Zana Fraillon was born in Melbourne, but spent her early childhood in San Francisco. At the age of twenty, she lived for a year in China teaching English in a remote rural area. She has since returned to Melbourne.
'Around the world, millions of people - including many children - are victims of human trafficking. These modern-day slaves often go unseen even in our own cities and towns, their voices silent and their stories untold. In this incredible book, Zana Fraillon imagines the story of three such children, Esra, Miran and Isa. The result is powerful, heartbreaking and unforgettable.
'Esra, Miran and Isa work for the Snakeskin gang, tending to plants in the dark and airless basement of a house they are not allowed to leave. They’ve been told that they belong to the Snakeskins, but Esra knows that she belongs to no one - and she is determined to find freedom.
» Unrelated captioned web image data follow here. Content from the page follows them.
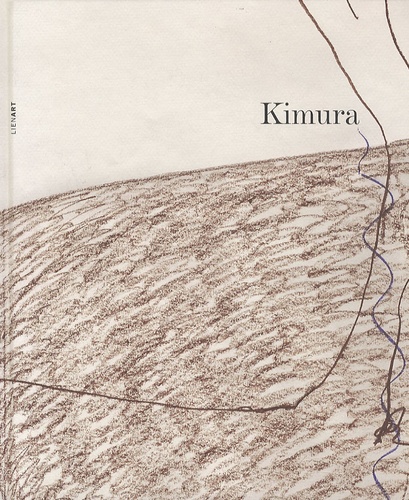 Tchuta Kimura - Kimura.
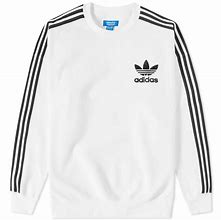 Image result for Sequin Adidas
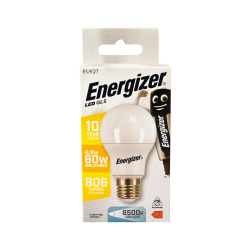 Bec Energizer Led GLS 806LM...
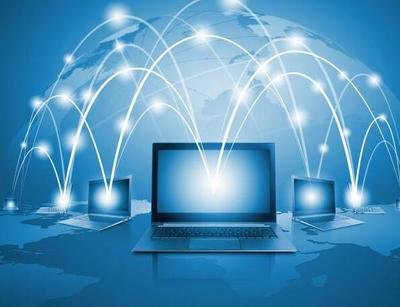 深圳坪山新區(qū)網(wǎng)站建設(shè)哪家好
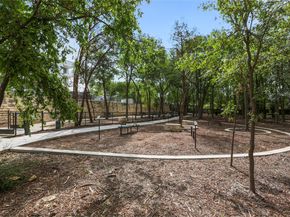 4801 Springdale RD 1005, Austin TX 78723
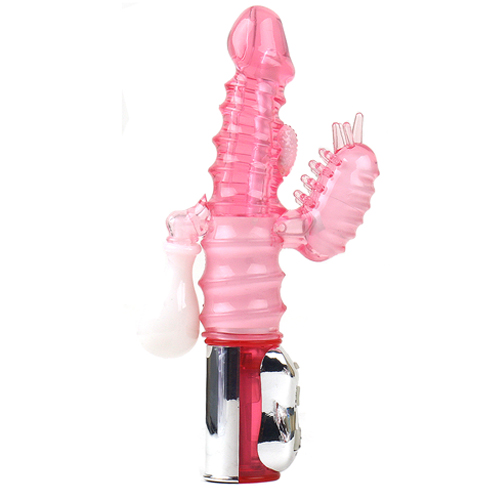 [일본 직수입] 스빼루 마랏슈 (사정하는 캡틴) スペルマラッシュ (NPR)(DJ) 추가이미지4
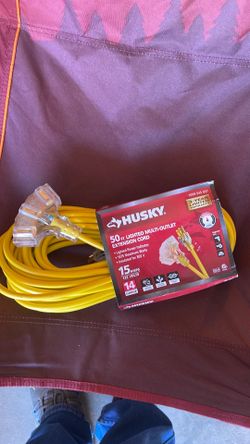 Cable de 3 salidas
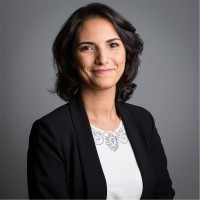 Nadra Moumna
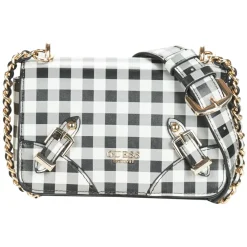 Guess - DIDI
This is a Skellig for this generation; beautiful, magical and with Zana Fraillon’s incredible talent for combining important global issues with extraordinary storytelling.'
'Subhi's imagination is as big as the ocean and wise as the sky, but his world is much smaller: he's spent his whole life in an immigration detention centre. The Bone Sparrow is a powerful, heartbreaking, sometimes funny and ultimately uplifting hymn to freedom and love.
'Sometimes, at night, the dirt outside turns into a beautiful ocean. As red as the sun and as deep as the sky. I lie in my bed, Queeny's feet pushing up against my cheek, and listen to the waves lapping at the tent.
'Subhi is a refugee. Born in an Australian permanent detention centre after his mother fled the violence of a distant homeland, life behind the fences is all he has ever known. But as he grows, his imagination gets bigger too, until it is bursting at the limits of his world. The Night Sea brings him gifts, the faraway whales sing to him, and the birds tell their stories.
'The most vivid story of all, however, is the one that arrives one night in the form of Jimmie, a scruffy, impatient girl who appears from the other side of the wires, and brings a notebook written by the mother she lost. Unable to read it, she relies on Subhi to unravel her own family's love songs and tragedies.
'Subhi and Jimmie might both find a way to freedom, as their tales unfold. But not until each of them has been braver than ever before.' (Publication summary)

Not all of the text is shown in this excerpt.